- EXERCISE INSTRUCTIONS: Leaving out every picture, transcribe the lines from the line that contains "Rothy's Camouflage laptop Sleeve" to the end of the entries below, both ends included.

Caption-style text data:
-------
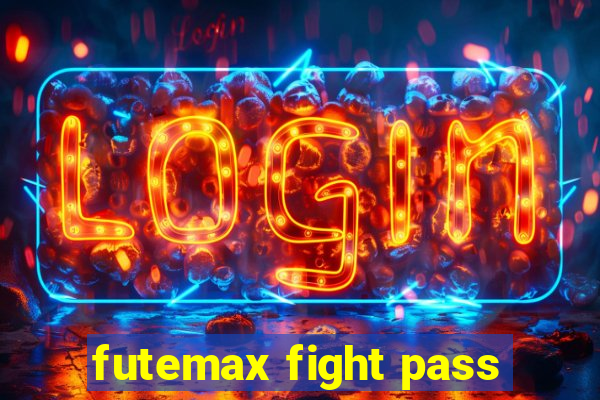 futemax fight pass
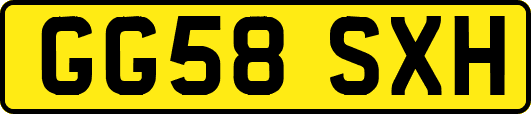 GG58SXH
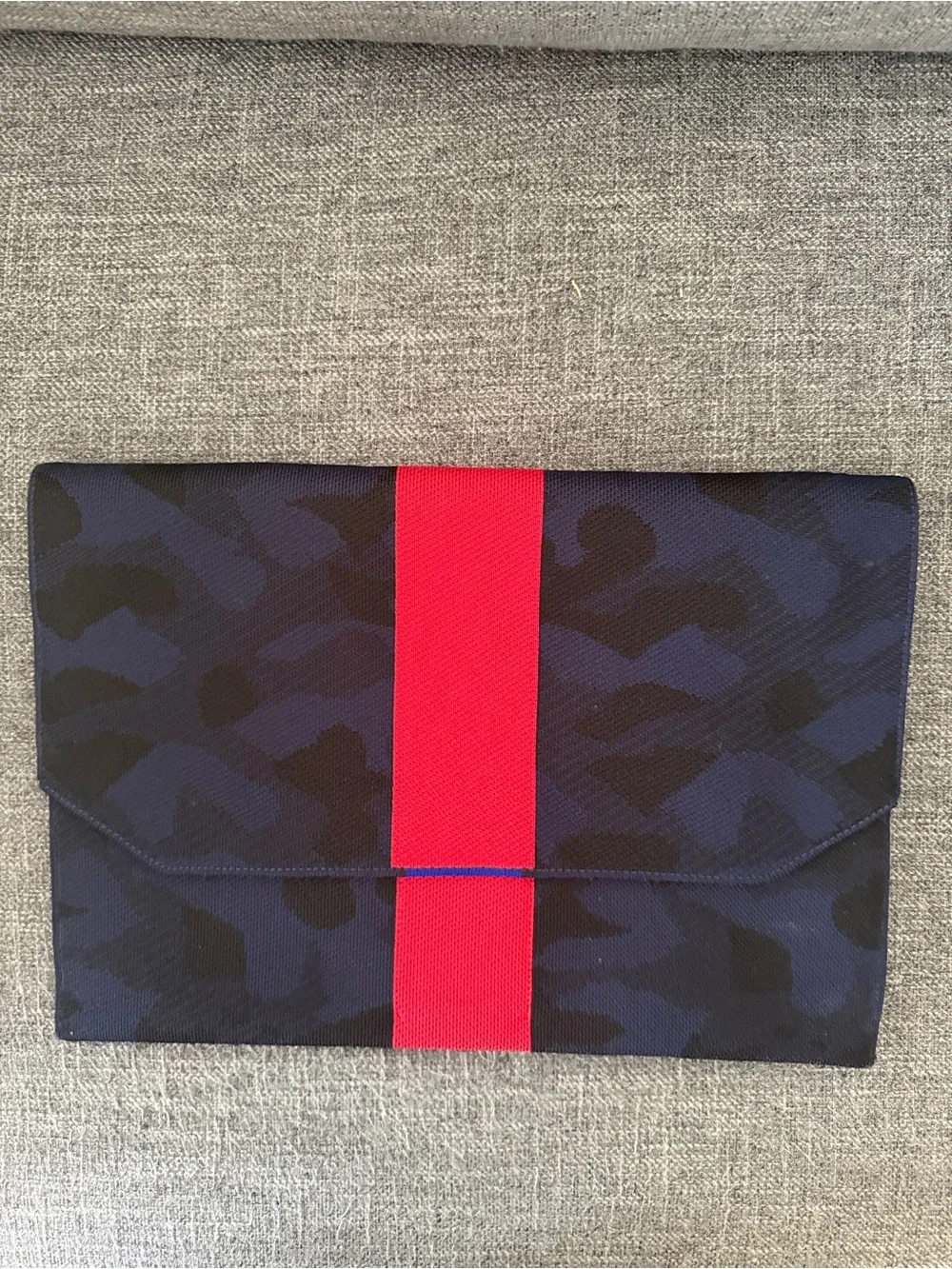 Rothy's Camouflage laptop Sleeve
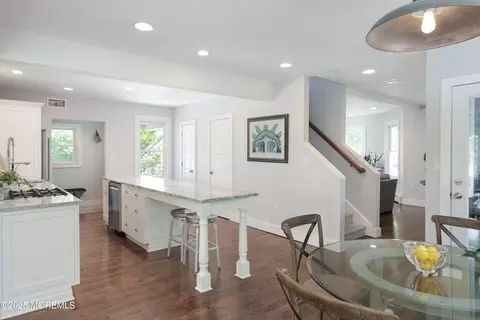 42 Ridge Rd, Rumson, NJ 07760 photo 7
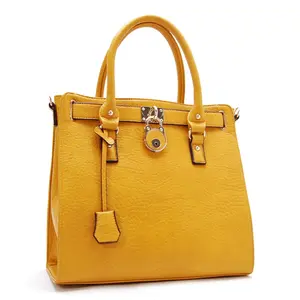 Top Handle Satchel Bag Top Handle Satchel Bag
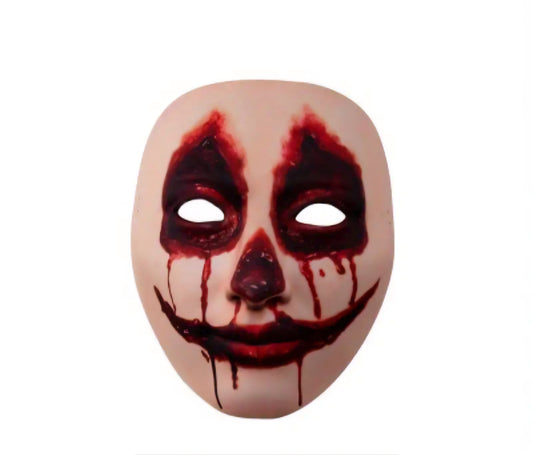 🌟New🌟 Dead Bride Mask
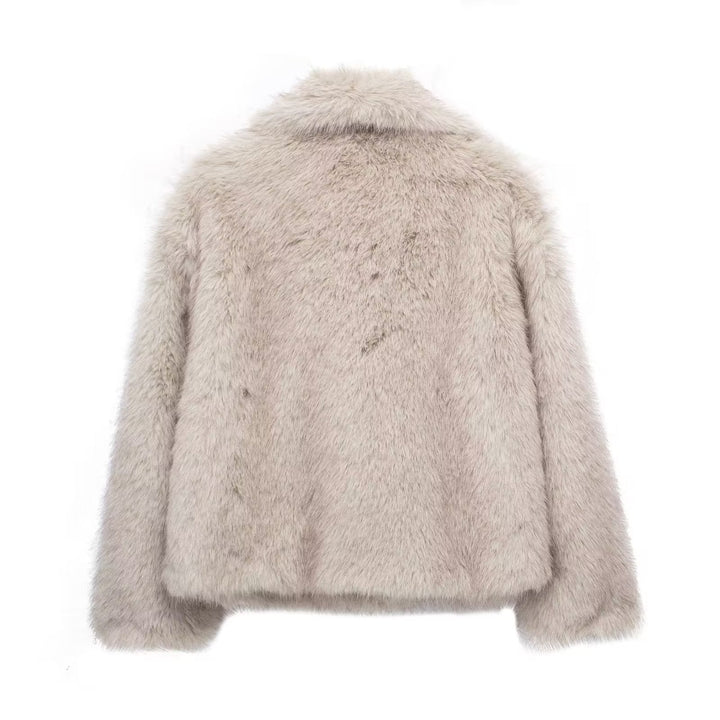 Nevia | Women&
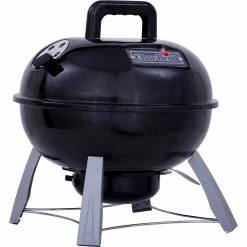 Best Pirce 🧨 Char-Broil Charcoal Grill 150 ✨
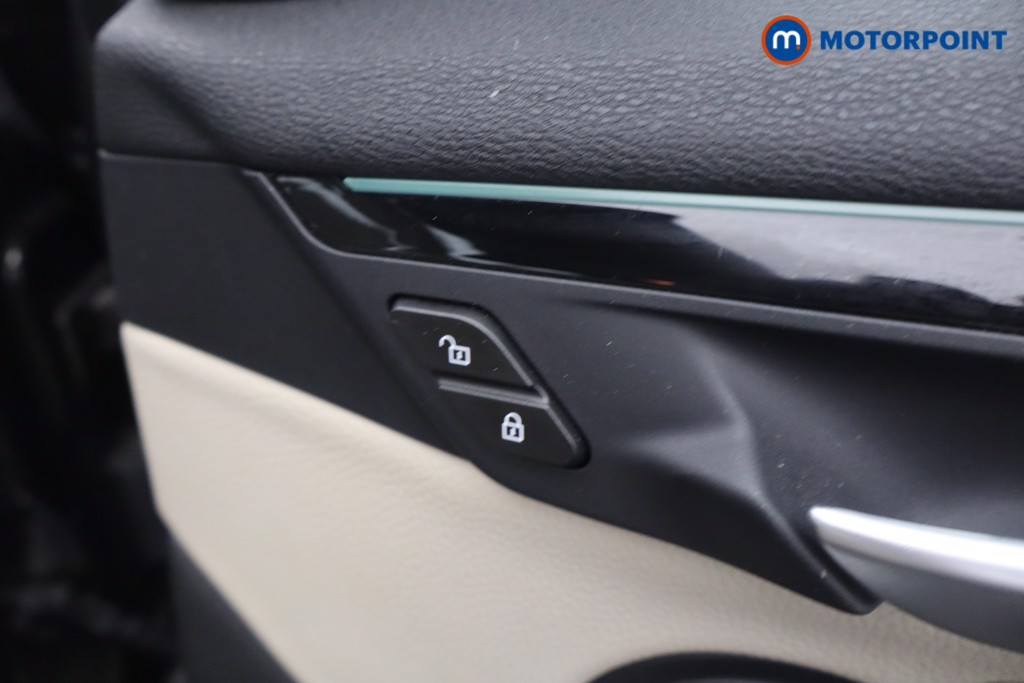BMW X2 M Sport X Automatic Diesel SUV - Stock Number (1678529) - 9th supplementary image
-------
- ANSWER BELOW:
 Rothy's Camouflage laptop Sleeve
 42 Ridge Rd, Rumson, NJ 07760 photo 7
 Top Handle Satchel Bag Top Handle Satchel Bag
 🌟New🌟 Dead Bride Mask
 Nevia | Women&
 Best Pirce 🧨 Char-Broil Charcoal Grill 150 ✨
BMW X2 M Sport X Automatic Diesel SUV - Stock Number (1678529) - 9th supplementary image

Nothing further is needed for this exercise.